Intrinsic kinetics of plasmon-enhanced reverse water gas shift on Au and Au-Mo interfacial sites supported on silica

Well characterized AuMo_x catalysts were synthesized by controlled surface reactions (CSR) and studied in reverse water gas shift (RWGS) reaction with and without visible light addition. The numbers of Au and Au-Mo interfacial sites on these catalysts were quantified using low temperature (173 K) CO adsorption with Fourier transform infrared spectroscopy (FT-IR) and electron microscopy.
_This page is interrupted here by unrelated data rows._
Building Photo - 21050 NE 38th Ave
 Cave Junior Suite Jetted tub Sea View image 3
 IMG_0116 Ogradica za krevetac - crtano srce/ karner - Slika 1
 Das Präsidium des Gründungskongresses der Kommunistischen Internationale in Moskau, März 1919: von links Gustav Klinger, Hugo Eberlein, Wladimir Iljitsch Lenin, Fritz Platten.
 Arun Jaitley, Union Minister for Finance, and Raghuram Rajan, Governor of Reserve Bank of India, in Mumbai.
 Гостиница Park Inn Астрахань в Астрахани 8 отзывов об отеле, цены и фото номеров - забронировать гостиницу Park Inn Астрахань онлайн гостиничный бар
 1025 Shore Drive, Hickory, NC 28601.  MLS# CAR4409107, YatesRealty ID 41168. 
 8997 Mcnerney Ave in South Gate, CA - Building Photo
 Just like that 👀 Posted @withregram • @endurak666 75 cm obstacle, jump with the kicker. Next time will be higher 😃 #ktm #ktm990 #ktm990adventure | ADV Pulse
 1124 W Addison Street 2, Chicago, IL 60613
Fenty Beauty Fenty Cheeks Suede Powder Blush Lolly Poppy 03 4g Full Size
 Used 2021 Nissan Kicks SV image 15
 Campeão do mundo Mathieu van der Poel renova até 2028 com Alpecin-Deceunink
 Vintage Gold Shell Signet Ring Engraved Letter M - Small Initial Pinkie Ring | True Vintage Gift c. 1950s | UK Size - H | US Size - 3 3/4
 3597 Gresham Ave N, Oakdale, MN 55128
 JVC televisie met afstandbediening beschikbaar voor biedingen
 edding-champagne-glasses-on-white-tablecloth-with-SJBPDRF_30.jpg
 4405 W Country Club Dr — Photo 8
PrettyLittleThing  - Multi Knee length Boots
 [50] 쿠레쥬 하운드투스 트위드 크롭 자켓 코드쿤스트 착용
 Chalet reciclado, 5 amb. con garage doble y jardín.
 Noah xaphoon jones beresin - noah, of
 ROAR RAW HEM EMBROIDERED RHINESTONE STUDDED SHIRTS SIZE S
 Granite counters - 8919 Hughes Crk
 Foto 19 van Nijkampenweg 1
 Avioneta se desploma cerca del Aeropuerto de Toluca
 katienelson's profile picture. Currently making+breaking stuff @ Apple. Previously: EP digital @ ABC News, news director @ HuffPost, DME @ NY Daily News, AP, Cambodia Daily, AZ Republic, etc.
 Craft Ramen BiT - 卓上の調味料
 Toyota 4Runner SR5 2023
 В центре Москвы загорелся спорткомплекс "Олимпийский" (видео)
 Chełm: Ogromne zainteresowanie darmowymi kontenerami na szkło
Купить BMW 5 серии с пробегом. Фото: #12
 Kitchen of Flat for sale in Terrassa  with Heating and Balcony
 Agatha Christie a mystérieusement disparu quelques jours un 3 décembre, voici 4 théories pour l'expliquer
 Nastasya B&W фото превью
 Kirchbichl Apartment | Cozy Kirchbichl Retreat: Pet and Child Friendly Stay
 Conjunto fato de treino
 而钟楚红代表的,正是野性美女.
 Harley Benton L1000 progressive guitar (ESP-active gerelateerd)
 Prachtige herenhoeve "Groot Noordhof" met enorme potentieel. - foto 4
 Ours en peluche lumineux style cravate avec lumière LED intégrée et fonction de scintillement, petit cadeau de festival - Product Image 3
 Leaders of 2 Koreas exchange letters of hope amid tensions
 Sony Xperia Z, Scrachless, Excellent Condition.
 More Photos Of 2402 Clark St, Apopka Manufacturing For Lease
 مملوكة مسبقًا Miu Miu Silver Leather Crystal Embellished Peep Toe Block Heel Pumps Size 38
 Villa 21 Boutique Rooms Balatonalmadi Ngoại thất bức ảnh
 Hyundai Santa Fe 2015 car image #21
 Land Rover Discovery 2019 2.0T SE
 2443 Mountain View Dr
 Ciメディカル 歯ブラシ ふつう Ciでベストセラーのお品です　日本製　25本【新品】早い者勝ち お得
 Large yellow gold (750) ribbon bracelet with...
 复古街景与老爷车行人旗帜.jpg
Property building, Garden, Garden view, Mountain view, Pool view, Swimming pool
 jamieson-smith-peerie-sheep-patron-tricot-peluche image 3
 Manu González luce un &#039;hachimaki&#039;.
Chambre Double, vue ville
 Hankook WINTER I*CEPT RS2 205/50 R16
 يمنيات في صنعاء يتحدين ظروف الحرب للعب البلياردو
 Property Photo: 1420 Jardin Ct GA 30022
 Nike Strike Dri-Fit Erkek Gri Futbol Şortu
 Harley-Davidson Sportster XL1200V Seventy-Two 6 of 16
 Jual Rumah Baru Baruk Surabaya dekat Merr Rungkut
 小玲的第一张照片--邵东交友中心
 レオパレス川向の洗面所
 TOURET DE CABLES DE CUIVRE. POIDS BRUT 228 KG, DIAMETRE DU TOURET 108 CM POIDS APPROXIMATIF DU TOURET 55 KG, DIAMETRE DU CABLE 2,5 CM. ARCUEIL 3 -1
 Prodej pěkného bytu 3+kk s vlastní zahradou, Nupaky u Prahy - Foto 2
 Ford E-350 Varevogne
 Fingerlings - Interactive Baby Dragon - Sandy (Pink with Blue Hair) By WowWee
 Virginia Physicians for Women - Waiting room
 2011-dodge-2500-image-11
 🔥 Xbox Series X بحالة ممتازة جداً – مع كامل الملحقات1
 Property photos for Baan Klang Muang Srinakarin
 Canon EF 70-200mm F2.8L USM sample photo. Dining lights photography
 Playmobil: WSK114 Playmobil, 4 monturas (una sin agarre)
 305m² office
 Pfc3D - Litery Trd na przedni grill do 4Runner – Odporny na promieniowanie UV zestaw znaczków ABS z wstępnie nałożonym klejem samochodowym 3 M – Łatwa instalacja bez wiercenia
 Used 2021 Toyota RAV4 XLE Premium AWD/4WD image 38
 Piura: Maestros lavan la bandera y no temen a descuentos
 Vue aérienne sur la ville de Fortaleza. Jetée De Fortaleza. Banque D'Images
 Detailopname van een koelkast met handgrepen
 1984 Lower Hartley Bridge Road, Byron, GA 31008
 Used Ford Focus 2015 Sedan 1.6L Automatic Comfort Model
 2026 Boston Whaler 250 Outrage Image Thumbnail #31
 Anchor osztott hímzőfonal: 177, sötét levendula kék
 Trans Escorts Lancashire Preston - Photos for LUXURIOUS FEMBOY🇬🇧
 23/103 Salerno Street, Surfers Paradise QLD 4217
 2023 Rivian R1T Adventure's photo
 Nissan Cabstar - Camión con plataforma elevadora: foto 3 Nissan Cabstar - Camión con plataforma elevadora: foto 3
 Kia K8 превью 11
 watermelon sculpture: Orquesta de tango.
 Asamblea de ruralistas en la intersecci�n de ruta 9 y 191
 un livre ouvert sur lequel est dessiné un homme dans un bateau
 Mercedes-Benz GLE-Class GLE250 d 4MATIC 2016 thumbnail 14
Due to the localized surface plasmon resonance (LSPR) effect, visible light irradiation of the catalyst caused a decrease in the apparent activation energy from 80.2 ± 3.9 kJ/mol to 55.5 ± 3.1 kJ/mol and 67.5 ± 1.3 kJ/mol to 38.7 ± 1.9 kJ/mol with visible light irradiation over Au/SiO₂ and Au₁Mo_0.1/SiO₂, respectively. The catalytic activity went through a maximum upon addition of Mo, with Au₁Mo_0.1/SiO₂ being the most active catalyst. The Au₁Mo_0.1 catalyst with LSPR was 30 times more active than the reference Au catalyst under dark conditions. Visible light irradiation increased the reaction rate 4.7-4.8 times at 573 K for all catalysts. The turnover rates (CO mole produced per mole of Au or AuMo_x site per min) on the Au and AuMo_x interfacial sites were measured to be 0.98 min^-1 and 14 min^-1 in the dark conditions and 4.4 min^-1 and 63 min^-1 under the light conditions at 573 K. The rate per AuMo_x interfacial site is 14 times greater than the rate per Au site under both dark and light conditions. These results indicate that the LSPR has the same enhancement effect on both Au and AuMo_x catalytic sites.